Nick Clegg's coalition fence sitting is damaging democracy

Nick Clegg's reluctance to name the Party he would be prepared to form a coalition with in the event of a hung parliament is a direct threat to democracy. By not coming clean on which party he is willing to work with, Clegg is keeping the public in the dark. We are now going into a General Election with many voters not knowing which party they are actually voting for.

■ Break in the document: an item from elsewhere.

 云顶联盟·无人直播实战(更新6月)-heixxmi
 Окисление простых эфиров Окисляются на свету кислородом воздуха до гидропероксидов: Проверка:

Many Lib Dems will not want to be connected to the Labour Party, and many will not want a coalition with the Conservative party. What Clegg is basically saying is that he will decide (after the election) which party the Lib Dems form a coalition with - not the voters. Don't Lib Dem voters have the right to know who they are voting for? The most likely outcome of a hung parliament would be a Lib/Lab coalition - that is the preferred option for the majority of Lib Dem voters - but nothing is for sure. How do those voters feel about forming a government with the Conservatives? A government run by David Cameron with a few token Lib Dems in the Cabinet?

As long as Nick Clegg sits on the fence, treating Lib Dem supporters like mushrooms*, those same supporters will not know if they are voting for a Labour or Conservative government.

It was Patrick Murray who said:

"Any political party that includes the word 'democratic' in its name, isn't."

Kept in the dark and fed sh*t.

2 comments:

TheBoilingFrog said...

I think the ill-disguised glee of the Lib Dems regarding a hung Parliament is misplaced.

In my view the mostly likely outcome of a hung Parliament would be for the 2 main parties (whichever one is largest) to tell the Lib Dems to sod off, and run the country as a minority Government and call another election a few months later.

Personally though I don't think it'll come to that, I believe the Tories will gain a majority albeit a small one.

Daily Referendum said...

TBF,

I think you are right. It doesn't hurt to point out Clegg's fence sitting though.